═══ Given records ═══

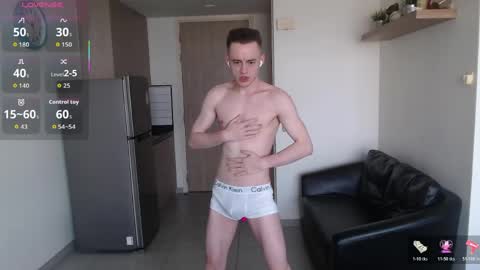 Snapshot of vaso69_ chatting on April 18, 2026, 9:46 am Vaso69 online show from April 18, 2026, 9:46 am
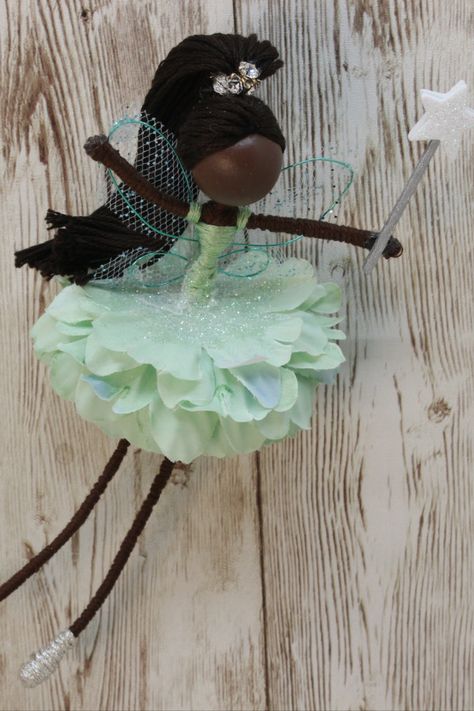 This might be one of my all time favorite flower fairies! Learn how to make this beautiful little fairy doll on my YouTube channel, Untidy Artist. Tiny Dolls To Make, Fairy Diy Crafts, Fairy Birthday Themes, Macrame Doll, Diy Dolls Making, Fairy Kit, Diy Tooth Fairy, Diy Teething, Fairy Lanterns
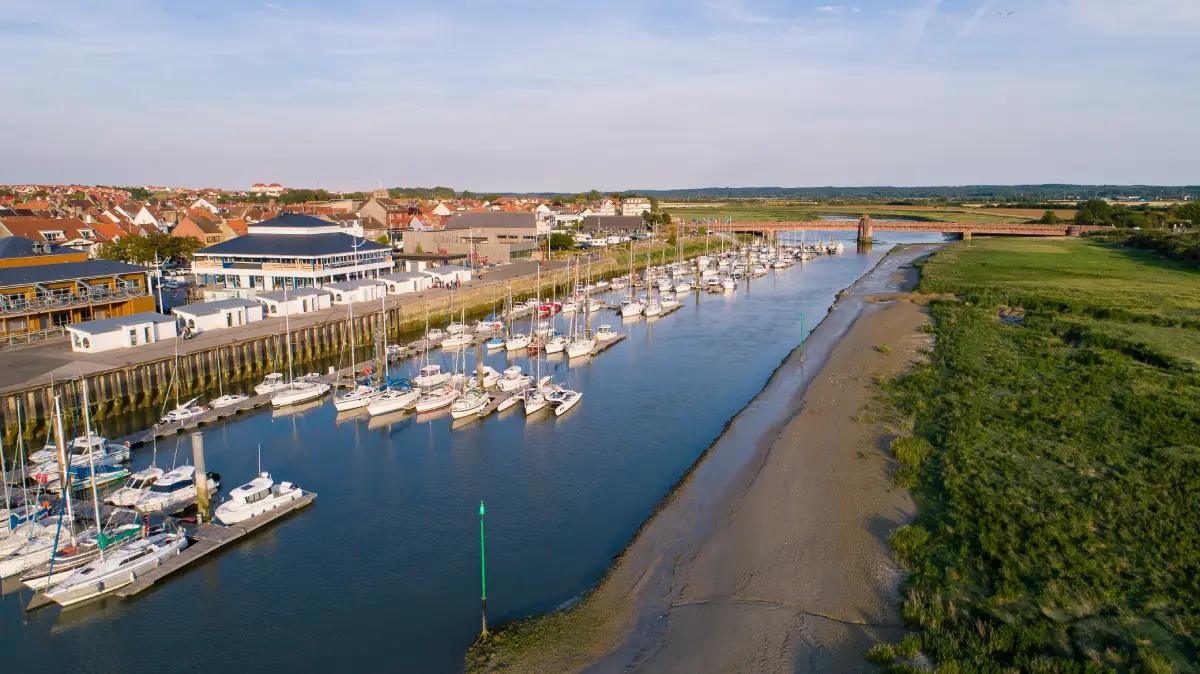 Vue du ciel d'Étaples-sur-Mer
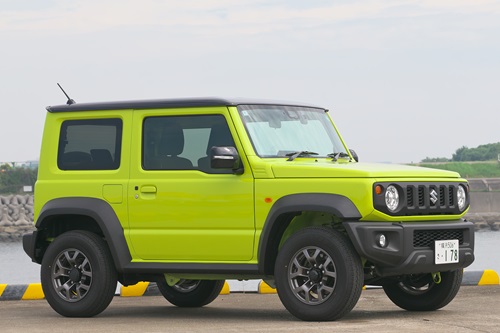 待望の5ドアジムニー、その名は「ノマド」!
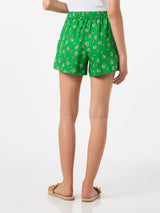 Woman linen beach shorts with paisley print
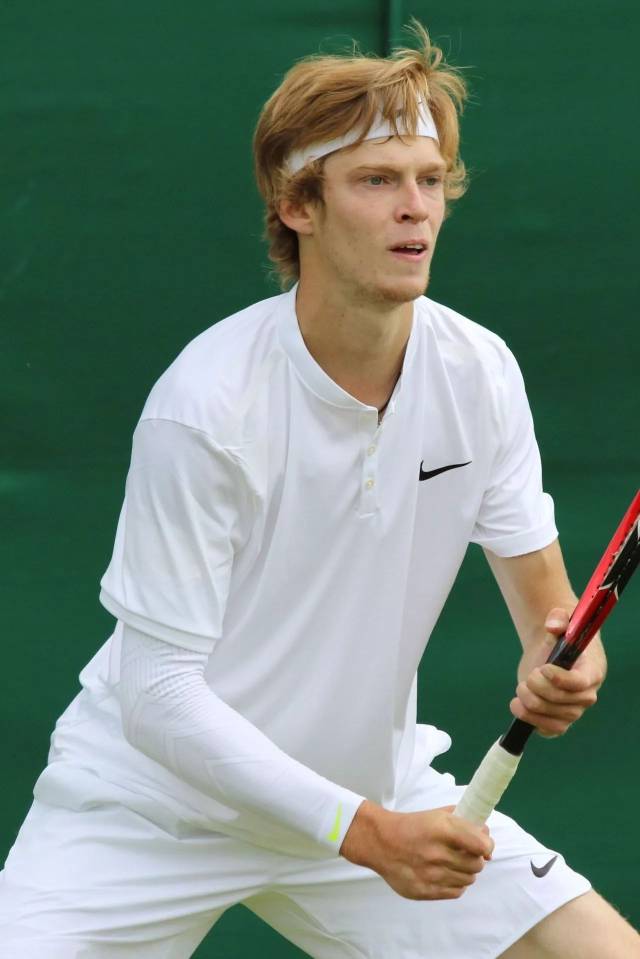 [图]英超-塔可夫斯基抽射绝平 利物浦2-2埃弗顿.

═══

Aim of the exercise:
Without the images, write out all of the records exactly.

Solved problem:
 Snapshot of vaso69_ chatting on April 18, 2026, 9:46 am Vaso69 online show from April 18, 2026, 9:46 am
 This might be one of my all time favorite flower fairies! Learn how to make this beautiful little fairy doll on my YouTube channel, Untidy Artist. Tiny Dolls To Make, Fairy Diy Crafts, Fairy Birthday Themes, Macrame Doll, Diy Dolls Making, Fairy Kit, Diy Tooth Fairy, Diy Teething, Fairy Lanterns
 Vue du ciel d'Étaples-sur-Mer
 待望の5ドアジムニー、その名は「ノマド」!
 Woman linen beach shorts with paisley print
 [图]英超-塔可夫斯基抽射绝平 利物浦2-2埃弗顿.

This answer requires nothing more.